Open alice-i-cecile opened this issue 3 years ago • 7 comments

RENDERED

Extracted from #45.

Summary

If-needed ordering constraints allow for safer, non-blocking constraints betweeen groups of systems. If they would have no effect, they're completely ignored. If they have an effect, they behave identically to strict ordering constraints.

Motivation

The stageless rework (RFC #45) allows users to configure entire labels, creating ordering dependencies between entire subgraphs. However, in many cases, pairs of systems ordered in this way have no logical connection between them (and do not even access the same data).

The current ordering, called strict ordering, will still force these pairs of systems to run according to the specified ordering, pointlessly restricting scheduling flexibility and thus performance.

alice-i-cecile avatar Jan 20 '22 18:01 alice-i-cecile

Can there be a situation where 2 systems need a relative ordering if they share no common Params? Perhaps strict ordering can be omitted between systems of such nature.

MiniaczQ avatar Mar 12 '22 22:03 MiniaczQ

Yes; interior mutability and transitive dependencies.

alice-i-cecile avatar Mar 13 '22 00:03 alice-i-cecile

I was going to propose something similar after discord discussion of similar topic, so I'm glad I stumbled here. Definitely a great idea to make this the default way of adding systems (I only thought of warning about too restrictive ordering). The only thing that I'd change is the naming, which didn't immediately click for me. I propose renaming:

  • strict to forced, since it'd be forcing an ordering between 'unrelated' systems.
  • if-needed to lax or relaxed, since it's not a binary problem whether the constraint exists, transitivity can keep the constraint, but change the systems involved.

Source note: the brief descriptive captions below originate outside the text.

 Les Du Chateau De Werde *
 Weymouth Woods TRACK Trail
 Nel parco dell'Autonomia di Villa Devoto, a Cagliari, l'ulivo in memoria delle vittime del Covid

MiniaczQ avatar Mar 13 '22 00:03 MiniaczQ

I like "relaxed" quite a bit: it's a good contrast to "strict", and much more approachable.

I don't think "forced" explains the concept any better: I personally think "strict" captures the essence a bit better: the idea is "yes, for real, I know better than you".

alice-i-cecile avatar Mar 13 '22 01:03 alice-i-cecile

My bikeshed opinion: how about "fixed" and "relaxed"? If someone explicitly declares an ordering between two systems, I think that by default we should adhere to that, so we shouldn't be using negative language like "strict" or "forced". In cases when a label is only there to clear up potential ambiguities, you could explicitly mark it as "relaxed" to allow for faster scheduling.

joseph-gio avatar Jun 28 '22 04:06 joseph-gio

Strict has a pretty standard (non-negative) meaning in math and computer science: it typically contrasts to relaxed, partial, or loose and has an implication of being the more maximal version of this. I'm not sure that it's immediately clear what a "fixed ordering constraint" does, while it feels like a "strict ordering constraint" is clearer.

I would be happy with "strong / weak ordering constraints" instead though. Is that clearer to you?

alice-i-cecile avatar Jun 28 '22 04:06 alice-i-cecile

Seems reasonable, "strict/relaxed" works. Definitely prefer it over "strong/weak".